A few years ago I visited a breast center in the Midwest and was talking to the medical director. We were discussing many topics but the subject of the 2009 USPSTF statement came up. For those of you who don’t recall, this was the U.S. government’s attempt to provide “evidence-based” information and recommendations to the healthcare industry and the general public about the starting age and frequency of breast screening. The USPSTF statement recommended biennial screening mammograms for women aged 50-74, which was very different from the recommendations of breast health professionals, who had strong evidence showing that women 40-49 and over 75 also benefit from mammographic screening.
The USPSTF announcement was publicized far and wide in every major news outlet in the United States, setting off a heated controversy that exists to this day.
I asked him if the announcement had influenced his patients, and he told me that unfortunately it had… and that he was seeing more advanced stage cancers in his patients as a result.
“Really?” I asked.
“Yes, but I don’t have the evidence to back that up just yet,” he replied.
Well, as it turns out, that evidence was released on May 7 at the American Society of Breast Surgeons annual meeting in Orlando, FL. Unfortunately, it revealed what many in the know predicted would happen.

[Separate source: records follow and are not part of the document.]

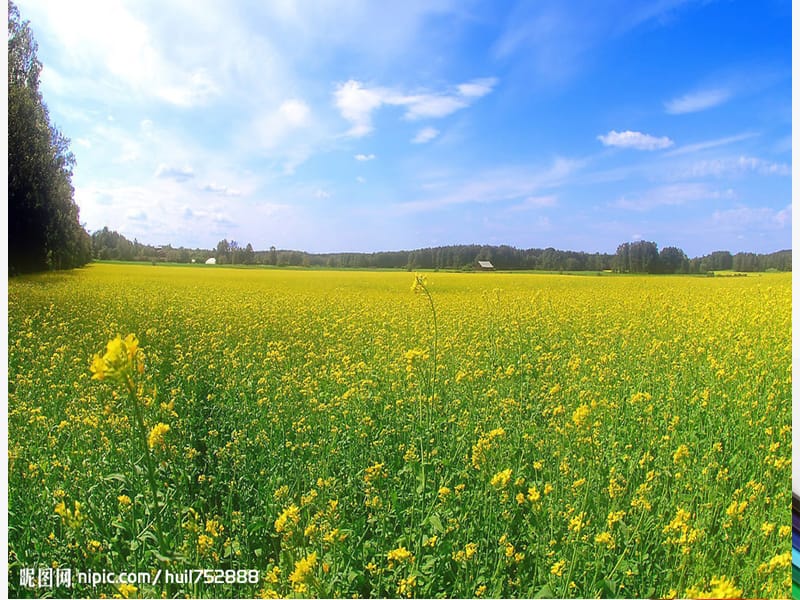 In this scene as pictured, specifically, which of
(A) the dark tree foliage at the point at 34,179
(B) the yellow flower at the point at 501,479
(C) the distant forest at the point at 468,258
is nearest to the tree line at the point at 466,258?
(C) the distant forest at the point at 468,258

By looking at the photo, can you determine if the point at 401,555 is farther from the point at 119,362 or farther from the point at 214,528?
the point at 119,362

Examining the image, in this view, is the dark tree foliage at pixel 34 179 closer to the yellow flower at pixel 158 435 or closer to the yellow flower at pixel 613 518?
the yellow flower at pixel 158 435

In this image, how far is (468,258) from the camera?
7.41ft

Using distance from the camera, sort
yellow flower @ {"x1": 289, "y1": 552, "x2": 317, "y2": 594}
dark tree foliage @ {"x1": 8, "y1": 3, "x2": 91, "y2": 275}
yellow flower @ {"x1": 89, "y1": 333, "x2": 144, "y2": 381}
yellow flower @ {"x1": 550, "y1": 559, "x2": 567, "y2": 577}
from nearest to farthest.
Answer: yellow flower @ {"x1": 89, "y1": 333, "x2": 144, "y2": 381} → yellow flower @ {"x1": 289, "y1": 552, "x2": 317, "y2": 594} → yellow flower @ {"x1": 550, "y1": 559, "x2": 567, "y2": 577} → dark tree foliage @ {"x1": 8, "y1": 3, "x2": 91, "y2": 275}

The study, performed at Mt. Sinai Hospital in New York between 2008 and 2016 and which included 1,125 participants, showed that women aged 40-49 who had never undergone mammography screening and who were diagnosed with breast cancer had:
A higher likelihood of cancer spreading to lymph nodes
A higher likelihood of mastectomy and axillary dissection
A higher likelihood of requiring chemotherapy
Now, you know what this means, even if the study’s authors aren’t able to say it. It means that women who followed the initial USPSTF recommendations were more likely to die from breast cancer than those who didn’t. In addition, they were more likely to suffer the ugly side effects associated with aggressive chemotherapy, the psychological effects of mastectomy and more.

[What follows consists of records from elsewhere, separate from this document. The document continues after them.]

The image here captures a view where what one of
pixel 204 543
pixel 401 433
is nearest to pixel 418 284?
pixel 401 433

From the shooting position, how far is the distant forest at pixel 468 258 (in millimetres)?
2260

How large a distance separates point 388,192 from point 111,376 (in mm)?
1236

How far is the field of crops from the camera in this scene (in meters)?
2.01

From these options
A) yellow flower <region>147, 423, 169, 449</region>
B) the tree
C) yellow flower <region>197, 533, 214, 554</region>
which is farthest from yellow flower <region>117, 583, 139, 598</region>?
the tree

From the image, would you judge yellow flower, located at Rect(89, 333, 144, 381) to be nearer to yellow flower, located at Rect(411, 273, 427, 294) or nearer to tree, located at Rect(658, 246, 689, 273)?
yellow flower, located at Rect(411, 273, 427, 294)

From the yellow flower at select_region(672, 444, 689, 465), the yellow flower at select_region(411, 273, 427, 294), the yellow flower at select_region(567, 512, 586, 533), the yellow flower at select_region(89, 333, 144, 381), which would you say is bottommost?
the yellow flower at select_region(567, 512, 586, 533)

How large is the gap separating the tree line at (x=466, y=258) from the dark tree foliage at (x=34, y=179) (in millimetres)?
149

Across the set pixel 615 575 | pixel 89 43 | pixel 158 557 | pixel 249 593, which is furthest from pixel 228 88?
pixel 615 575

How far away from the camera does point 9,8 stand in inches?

Instead, the study authors promoted the “positive” outcome, which is that women under 50 who were screened regularly were more likely to experience earlier stage cancer diagnosis and require less invasive treatment.
No matter how you interpret the data, the conclusion is that earlier and more frequent screenings are better for women.
Many women—and many doctors—still believe what they were told by the USPSTF in 2009. So when a friend or colleague tells you that more regular mammograms beginning at age 40 aren’t necessary, please send them here for the actual study and accompanying data:
…or here for the easy-to-read summary:
You aren’t likely to see a news story in any mainstream media outlet about this extremely important revelation. To do so would be a de-facto admission of negligence for publicizing the USPSTF guidelines so intensively in the first place, and without providing an adequate counter-argument or alternative viewpoint.
And, not being a legal expert, I’m not sure what liabilities this opens up for the Agency for Healthcare Research and Quality (AHRQ), the entity that administers the USPSTF. Can you sue the federal government for issuing incorrect health recommendations?
Perhaps someone should sue, if for no other reason than to shed light on this important information. It’s just unfortunate that many of the women who followed the advice of their own government are now suffering as a consequence.